There is a fair-to-decent chance that most of us don’t still have the same job title that we did in 1999, whether that title was sales manager or burger flipper. Especially in the realm of IT — where advances in technology open up new areas of specialization with a regularity approaching that more typically attributed to the rising and setting of the sun — there’s always something new and different just around the corner. Even taking that into account, however, you may be surprised to learn what some of us didn’t do, at least not in name, just 15 years ago.
A recent study by the Pew Research Center reveals that IT networking, for example, despite being hugely common in 2014, was still in its infancy just before the turn of the millennium. Today, more than 165,000 Americans are computer network specialists, and more than 141,000 are computer network architects. In 1999, however, neither specialization existed. Ditto for information security analysts, of which there are more than 78,000 today. There were also no web developers in 1999, or at least not who worked under than name., Today, that profession is claimed today by more than 112,000 IT pros.

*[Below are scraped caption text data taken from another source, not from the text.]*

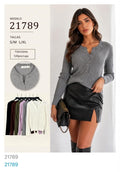 Blusa acanalada tipo Henley de manga larga-21789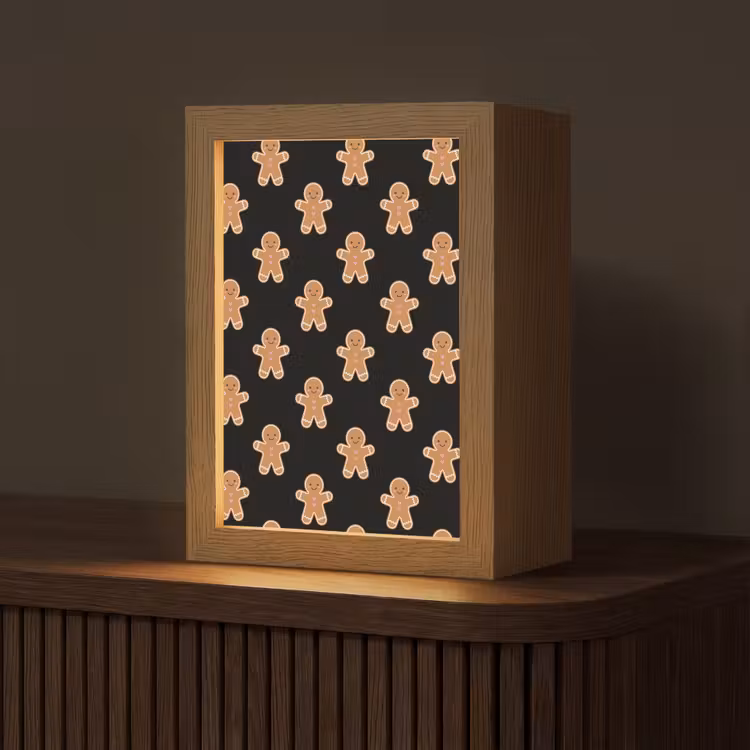 Gepersonaliseerde Lightbox - Peperkoek - Kerst - Zwart — 1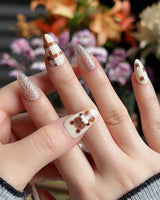 Sweater Weather press-on nails — Soft Brown Tone, 3D Bears & Knit Texture. handmade nail art by Joyee Nails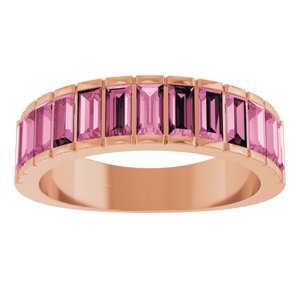 14K Rose Gold Natural Pink Tourmaline Channel-Set Ring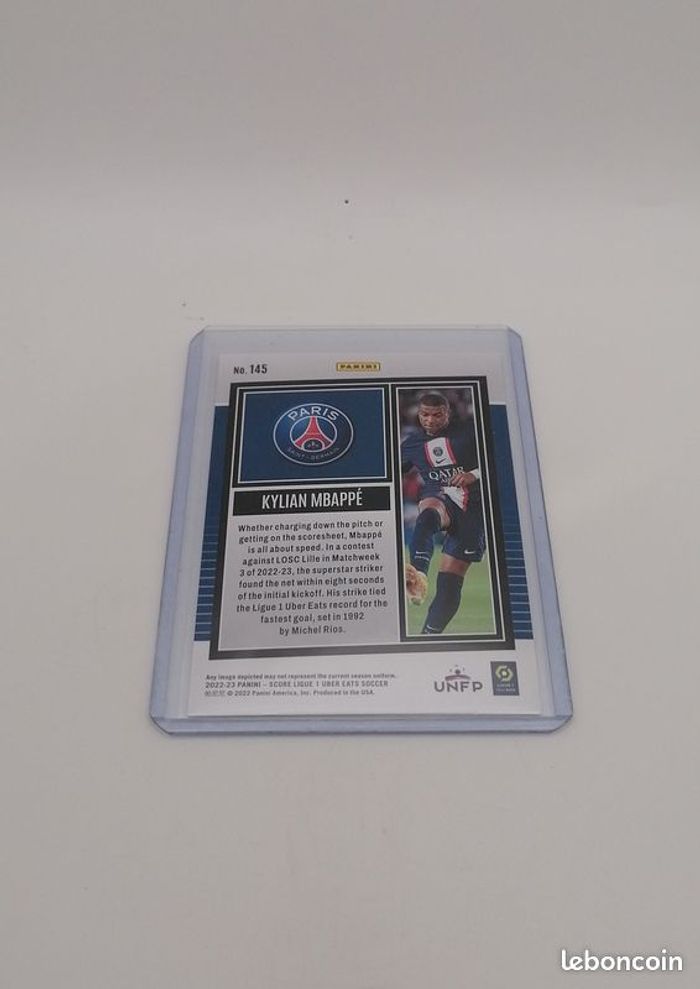 Carte Panini score Ligue 1 2022-23 Kylian Mbappé n°145. - photo numéro 3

Some of the work that falls under those specializations was still being done 15 years ago, of course — we just didn’t have nearly as many people doing it. Many technologists submit that there won’t be as many people doing it in the future, either, as machines and computerization push human workers further and further out of the loop. Before you start to contemplate early retirement, however, a related report from Pew suggests that there’s still plenty of IT work for human beings to do.

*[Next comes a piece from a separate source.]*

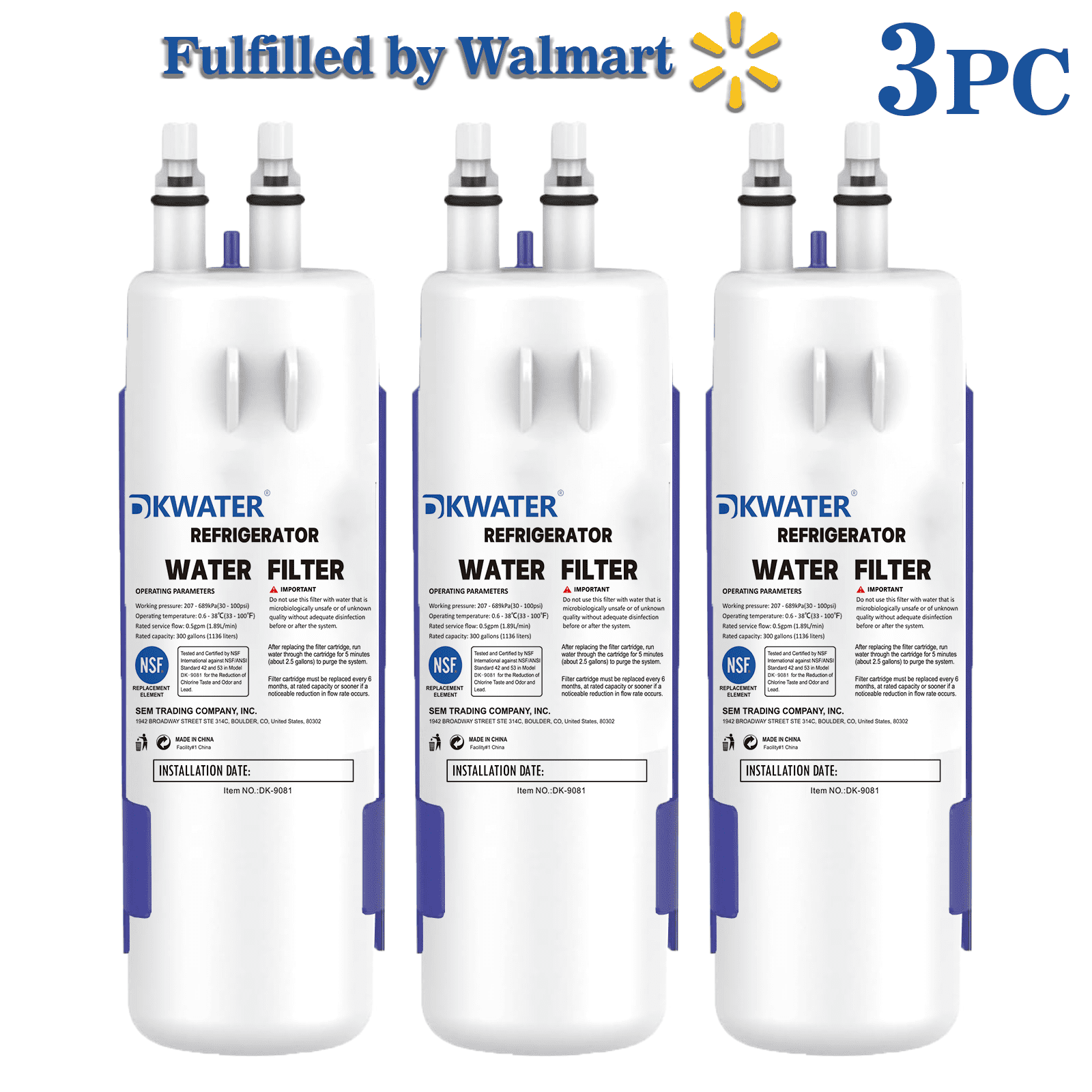 3 Packs DKWATER 9081 Water Filter Replacement for W10295370A Whirlpool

While computerization and machines could nearly half of all jobs in the United States in the near future, most of those are low-skill, low-wage positions. One measure of susceptibility to computerization is RTI, or “routine task intensity.” The Pew report lists 14 occupations or classes of occupation that have high RTI — and hence could be easily automated — and there’s not an IT specialization in the bunch. Additionally, Pew writer Drew DeSilver notes that two Oxford researchers recently rated 702 occupations and found that those categorized as “computer, engineering and science” jobs were at very low risk of computerization at any point in the next couple of decades.
Rest easy, IT pros. Your jobs appear to be safe for now.